Este país, y me temo que los que se nos parecen, es un Gran Casino, un enorme casino construido en medio del desierto. No me digan que estoy describiendo Las Vegas porque yo, que no soy un poeta, no hablo de la Luna ni de aquello que no conozco. De la Luna, su reflejo; de Las Vegas, Dean Martin. En este Gran Casino la mayoría de nosotros estamos a lo que cae, somos limpiadoras de vestíbulos y suites, ascensoristas, camareras en minifalda, camareros con camisa de gladiolo… somos los que limpian los vómitos de la borrachera del niño bien, los que se llevan la basura a los contenedores, los que meten las langostas en el frigorífico para que se las coman otros; cocineros, pinches, lagarteranas de coros y danzas, los taxistas en la calle, los conductores del autobús turístico, los vigilantes de seguridad, los porteros, el recepcionista, el electricista de las máquinas tragaperras, el recadero, albañiles, pintores, escayolistas, enfermeros de delirium tremens, contables…jamás hemos jugado a nada más que al fútbol con un balón de trapo, en el cuarto de la limpieza, que tiene televisión.
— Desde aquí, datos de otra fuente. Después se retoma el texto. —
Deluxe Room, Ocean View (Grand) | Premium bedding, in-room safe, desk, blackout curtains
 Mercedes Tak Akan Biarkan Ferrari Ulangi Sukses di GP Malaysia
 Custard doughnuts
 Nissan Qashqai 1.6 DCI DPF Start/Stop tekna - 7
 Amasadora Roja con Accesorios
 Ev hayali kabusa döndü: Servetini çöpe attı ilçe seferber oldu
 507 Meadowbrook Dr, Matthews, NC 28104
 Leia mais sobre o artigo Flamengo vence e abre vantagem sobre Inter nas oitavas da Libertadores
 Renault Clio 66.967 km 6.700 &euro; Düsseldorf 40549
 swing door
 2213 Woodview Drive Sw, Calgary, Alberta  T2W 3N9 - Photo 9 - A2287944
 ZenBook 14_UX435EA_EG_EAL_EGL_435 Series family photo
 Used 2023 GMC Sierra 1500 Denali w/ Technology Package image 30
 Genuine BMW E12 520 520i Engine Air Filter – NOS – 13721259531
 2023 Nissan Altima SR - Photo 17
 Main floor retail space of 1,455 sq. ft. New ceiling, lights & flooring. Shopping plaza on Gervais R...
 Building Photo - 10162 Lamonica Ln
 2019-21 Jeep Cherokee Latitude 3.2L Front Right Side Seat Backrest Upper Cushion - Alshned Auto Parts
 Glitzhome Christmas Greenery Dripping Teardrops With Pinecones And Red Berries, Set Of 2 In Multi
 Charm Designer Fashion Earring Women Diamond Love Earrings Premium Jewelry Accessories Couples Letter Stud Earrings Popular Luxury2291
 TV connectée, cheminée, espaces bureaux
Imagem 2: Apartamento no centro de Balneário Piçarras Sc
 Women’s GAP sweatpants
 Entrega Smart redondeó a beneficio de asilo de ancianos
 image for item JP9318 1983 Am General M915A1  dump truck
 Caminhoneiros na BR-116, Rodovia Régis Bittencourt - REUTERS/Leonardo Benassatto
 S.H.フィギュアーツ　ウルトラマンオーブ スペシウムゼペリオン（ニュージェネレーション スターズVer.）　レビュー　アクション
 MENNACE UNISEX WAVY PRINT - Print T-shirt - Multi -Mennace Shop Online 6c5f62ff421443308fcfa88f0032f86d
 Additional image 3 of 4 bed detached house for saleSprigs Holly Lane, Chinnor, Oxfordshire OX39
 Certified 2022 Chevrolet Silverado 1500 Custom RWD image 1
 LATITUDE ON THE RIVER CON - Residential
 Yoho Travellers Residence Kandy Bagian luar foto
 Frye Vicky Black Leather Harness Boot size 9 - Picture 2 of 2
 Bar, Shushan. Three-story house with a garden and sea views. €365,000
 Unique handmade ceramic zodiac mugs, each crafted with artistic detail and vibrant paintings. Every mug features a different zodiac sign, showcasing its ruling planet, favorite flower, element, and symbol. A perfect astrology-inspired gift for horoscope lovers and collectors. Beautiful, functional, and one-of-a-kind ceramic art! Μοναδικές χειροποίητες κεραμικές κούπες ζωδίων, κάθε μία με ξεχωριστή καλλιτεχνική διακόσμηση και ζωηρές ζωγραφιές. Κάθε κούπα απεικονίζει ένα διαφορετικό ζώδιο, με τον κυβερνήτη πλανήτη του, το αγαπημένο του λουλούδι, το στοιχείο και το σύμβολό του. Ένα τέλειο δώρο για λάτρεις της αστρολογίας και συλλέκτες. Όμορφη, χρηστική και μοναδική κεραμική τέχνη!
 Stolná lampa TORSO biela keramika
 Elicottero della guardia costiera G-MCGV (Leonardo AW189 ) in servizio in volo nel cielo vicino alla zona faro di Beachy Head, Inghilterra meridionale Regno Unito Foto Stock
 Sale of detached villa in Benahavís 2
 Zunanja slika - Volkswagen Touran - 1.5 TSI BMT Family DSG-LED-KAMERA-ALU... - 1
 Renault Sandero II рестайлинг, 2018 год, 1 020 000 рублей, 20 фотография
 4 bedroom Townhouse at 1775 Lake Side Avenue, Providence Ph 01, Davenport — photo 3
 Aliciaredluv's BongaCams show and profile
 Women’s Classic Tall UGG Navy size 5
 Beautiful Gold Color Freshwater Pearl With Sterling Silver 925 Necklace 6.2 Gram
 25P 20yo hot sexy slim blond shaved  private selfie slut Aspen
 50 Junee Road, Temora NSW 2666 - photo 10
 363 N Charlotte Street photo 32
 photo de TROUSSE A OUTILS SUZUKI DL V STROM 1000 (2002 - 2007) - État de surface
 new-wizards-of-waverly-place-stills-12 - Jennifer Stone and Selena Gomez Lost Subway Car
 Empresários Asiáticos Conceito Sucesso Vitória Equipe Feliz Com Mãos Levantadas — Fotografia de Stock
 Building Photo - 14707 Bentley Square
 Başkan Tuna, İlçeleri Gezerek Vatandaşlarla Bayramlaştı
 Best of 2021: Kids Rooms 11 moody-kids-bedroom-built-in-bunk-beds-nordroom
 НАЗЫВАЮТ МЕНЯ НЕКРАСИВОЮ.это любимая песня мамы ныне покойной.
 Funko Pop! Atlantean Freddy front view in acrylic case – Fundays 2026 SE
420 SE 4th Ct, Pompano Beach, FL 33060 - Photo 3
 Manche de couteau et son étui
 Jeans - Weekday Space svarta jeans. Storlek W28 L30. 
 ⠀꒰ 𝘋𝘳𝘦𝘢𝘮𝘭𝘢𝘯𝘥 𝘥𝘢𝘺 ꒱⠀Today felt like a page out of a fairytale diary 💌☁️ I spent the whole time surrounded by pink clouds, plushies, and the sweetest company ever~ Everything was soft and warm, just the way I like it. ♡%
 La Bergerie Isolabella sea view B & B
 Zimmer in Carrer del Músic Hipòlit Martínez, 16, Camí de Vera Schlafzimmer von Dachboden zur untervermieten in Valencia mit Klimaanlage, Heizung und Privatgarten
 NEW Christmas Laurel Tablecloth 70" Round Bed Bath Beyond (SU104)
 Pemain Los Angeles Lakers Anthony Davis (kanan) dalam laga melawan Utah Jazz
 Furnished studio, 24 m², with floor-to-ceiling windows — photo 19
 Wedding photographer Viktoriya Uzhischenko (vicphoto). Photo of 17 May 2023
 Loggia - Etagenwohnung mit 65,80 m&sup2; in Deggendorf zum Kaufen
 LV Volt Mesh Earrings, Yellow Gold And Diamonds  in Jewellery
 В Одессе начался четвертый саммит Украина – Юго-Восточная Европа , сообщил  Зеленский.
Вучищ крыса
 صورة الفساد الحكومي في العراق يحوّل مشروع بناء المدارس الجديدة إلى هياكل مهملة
Tenemos prohibido jugar a cualquier otra cosa que requiera una apuesta convertida en moneda de cambio, bajo pena de excomunión y despido fulminante sin derecho a subsidio.
A este Gran Casino llegan y se van continuamente multitud de tahúres, de jugadores profesionales, de fulleros, de putas y chaperos, de mafiosos, de banqueros, de obispos y jueces, de asesinos profesionales, de dictadores bananeros, de fantasmas de las navidades pasadas, que pululan por las instalaciones ocupando habitaciones, pasillos, tumbonas en la piscina, barras de bar, taburetes en la ruleta, en el bacarrá, en las tragaperras de brazo levantado, en las de petacos que cagan partida; poltronas en el restaurante; camas en la suite real; en cuartos de tercera, en turcas plegables, que sus amigos los propietarios, que nunca juegan, les colocan en cualquier rincón cuando todo esta completo y no cabe una aguja con la que trincar unos caracoles picantes, porque esta noche actúa Frankie.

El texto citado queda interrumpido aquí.